These model security controls are necessary for baseline safety, but they operate largely without enterprise context and are typically opaque to independent or external validation. Enterprises often have limited visibility into how the controls are implemented or how they behave under edge conditions.
Within enterprise-level deployments, the AI model is only one component in a larger system that includes retrieval layers, connectors to enterprise data, identity and authorization signals, and tool invocation that can change state dramatically in downstream systems. The enterprise risk surface is dominated by these integrations and the surrounding AI system components. A well-aligned model can still be used unsafely if it is connected to the wrong data, if it is given excessive tool permissions, if policy enforcement is inconsistent, or if monitoring is insufficient to detect misuse.
This is where external runtime AI security controls (variously described as AI guardrails, AI firewalls, or AI protection systems) become essential. Runtime guardrails are specific, technical, real-time controls implemented outside of the model to enforce security policies and behavioral boundaries at the moment of application interaction where enterprise risk materializes. These controls observe and constrain AI behavior using system-level context, including user identity, data sensitivity, application state, and governance requirements. Runtime controls are where auditability, resilience, and accountability are introduced, forming the foundation of enterprise-grade AI security.
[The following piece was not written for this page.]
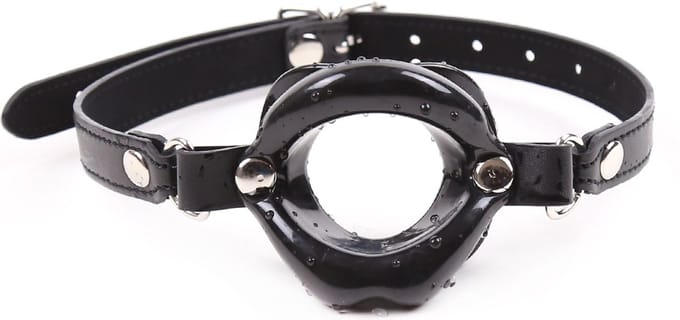 Kiotos - Ring Gag met Open Kusmondje - Zwart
Model security reduces intrinsic model risk; runtime guardrails manage enterprise risk at the point of interaction.
Terminology varies across vendors and frameworks, but the practical point is simple: model security reduces intrinsic model risk; runtime guardrails manage enterprise risk at the point of interaction.
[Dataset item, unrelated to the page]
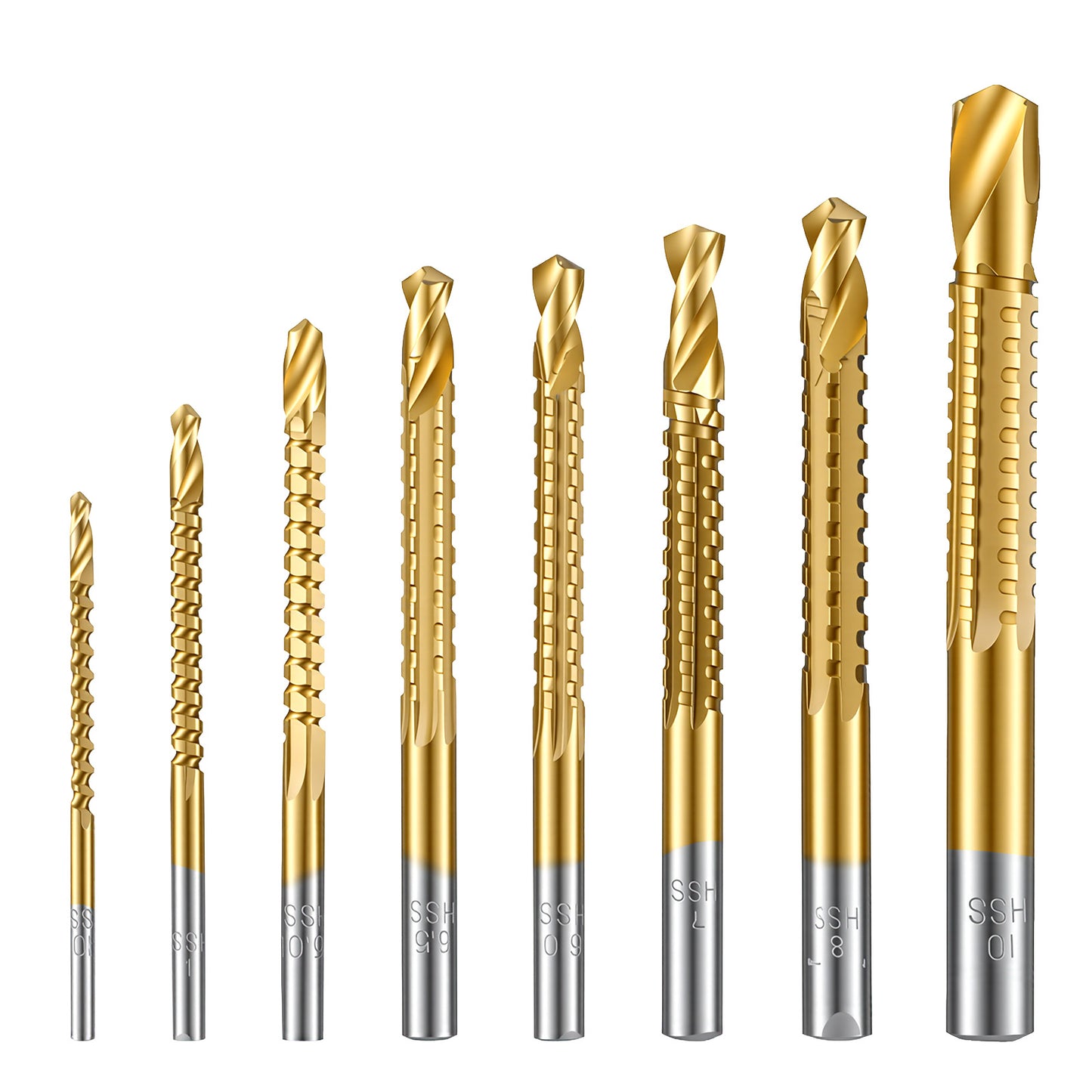 8 Pack Titanium Coated HSS Step Drill Bits, 3-10mm Hex Shank Serrated Side Cutting Bit Set, Precise Hole Enlarging & Grooving Tool for Wood Metal Plastic Aluminum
At the lowest level, model security safeguards can block malicious prompts, filter disallowed content, and enforce simple usage rules. These capabilities are necessary, but many high-impact enterprise AI failures do not stem from a lack of rules, but from a lack of context, resilience, and visibility.
For example, an AI system may comply with all defined content policies while still disclosing sensitive information through aggregation, inference, or inappropriate context blending. Similarly, a system may enforce correct rules under normal conditions but fail unpredictably under load, partial outages, or dependency failures.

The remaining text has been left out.